Fallujah fell on the last day of 2013. The nearby Anbar provincial capital, Ramadi, was infiltrated by ISIS around the same time but has since been liberated with the help of U.S. weapons and airstrikes. Farther north, Saddam Hussein’s hometown of Tikrit and remote Sinjar were seized in the summer of 2014. Mosul, Iraq’s second-largest city, also fell then. And Mosul is what thousands of Iraqi forces and Kurdish fighters are now gearing up to reclaim, aided by American firepower and a smattering of troops.

Fallujah, meanwhile, is starving — not just for military intervention, but literally.

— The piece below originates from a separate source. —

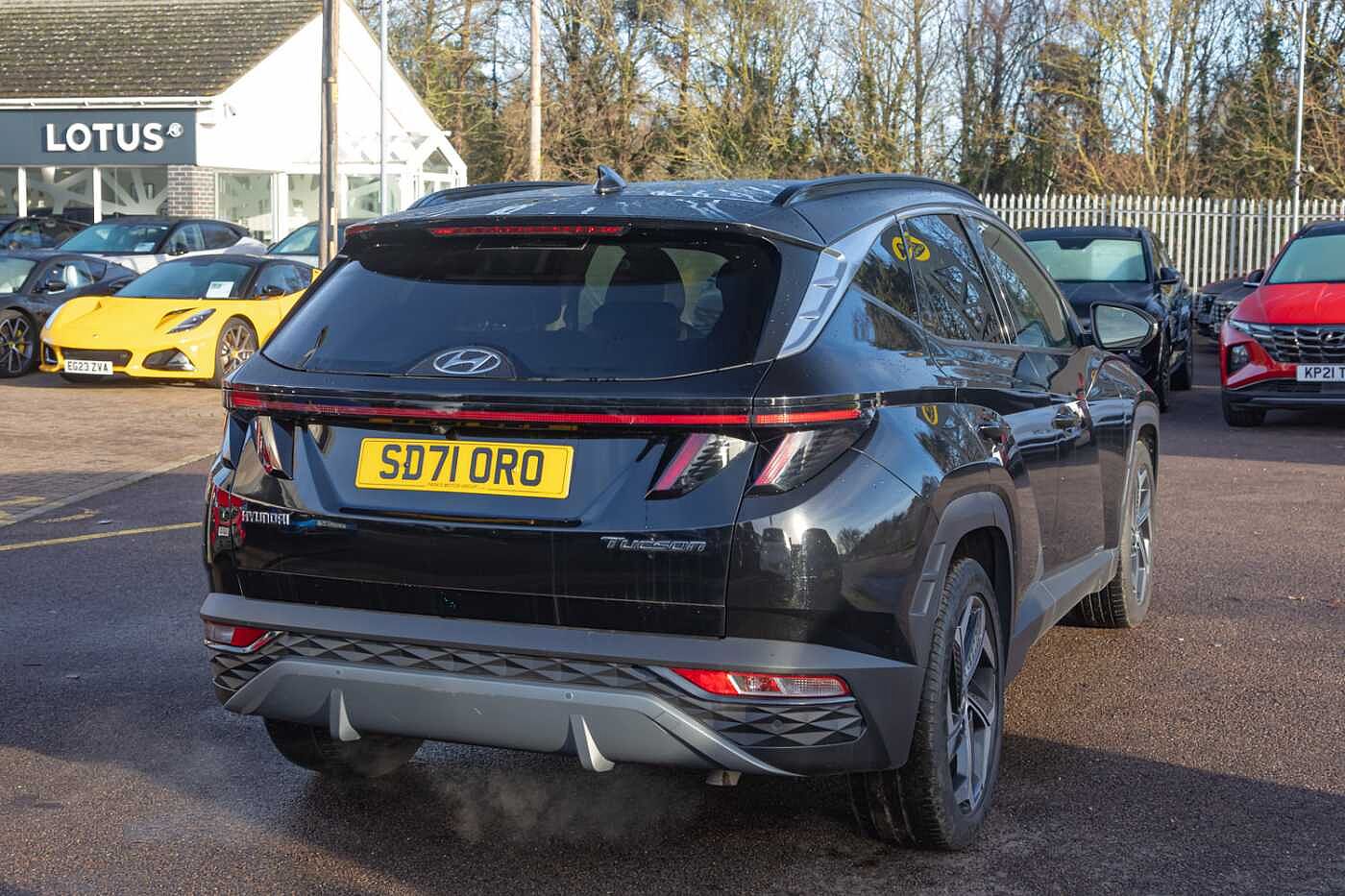 Used Hyundai TUCSON 2021 for sale - 78021406: Photo 17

A Human Rights Watch report published this week concluded that the failure of Iraqi government forces to confront the Islamic State in Fallujah has effectively trapped its residents. Food is all but impossible to import into Fallujah, spurring price spikes: A bag of flour now costs an estimated $750, compared to $15 in Baghdad, just an hour’s drive to the east, the human rights group reported.

People in Fallujah are making soup from grass to survive.

Though they have fretted over Fallujah, the State Department and Pentagon have done little to help liberate it. Senior U.S. officials admit their focus is on larger prizes: Mosul, the Islamic State’s bastion in Iraq; Ramadi, a symbolic battleground as a provincial capital; and Sinjar, where minority Yazidis were slaughtered.

Secretary of State John Kerry, in Baghdad on Friday, noted Iraqi forces have gained ground against the Islamic State, and insisted the insurgent group formerly known as al Qaeda in Iraq is on the run. But not once in several public remarks Friday, according to transcripts, did he mention Fallujah — where ISIS has not yet been seriously challenged.

Daesh is on the defensive – that is clear,” Kerry said at the U.S. Embassy in Baghdad, using an Arabic name for the Islamic State. “But its capacity to inflict suffering regrettably still remains. That is also true. And we take very seriously the threat that it still poses.”

He said Washington shares Iraqi Prime Minister Haider al-Abadi’s goal of freeing Mosul “as quickly as possible” and announced a new grant of $155 million — for a total of $780 million since 2014 — in humanitarian aid in Iraq.

Abadi, a Shiite, took power in Iraq in September 2014 following the resignation of Nouri al-Maliki, also a Shiite. Under Maliki, Iraq’s Sunnis — an estimated 20 percent of the country’s population, but the group that was most favored under Saddam — felt most sidelined from power. That gave rise to the Islamic State, which fed on Sunni frustration, and soon alienated whole communities from government protection.

And that is at the heart of Fallujah’s crisis, said retired Army Col. Anthony Deane, who helped U.S. forces convince Iraqi militiamen in Anbar turn the tide against al Qaeda in Iraq in 2006, in the so-called sahwa, or “awakening” councils. Fallujah’s ongoing plight, even as surrounding cities are liberated, reinforces perceptions that governments in Baghdad and Washington simply don’t care.

“Fallujah has always been the heart of the Sunnis. … There’s nothing in Fallujah but a bunch of Sunnis who are pissed off at the Iraqi government,” said Deane, author of “Ramadi Unclassified: A Roadmap to Peace in the Most Dangerous City in Iraq.”

“If they were serious about having a representative government, they would go liberate Fallujah,” Deane said Friday.

It’s a harsh assessment. But so are the images of Fallujah starving.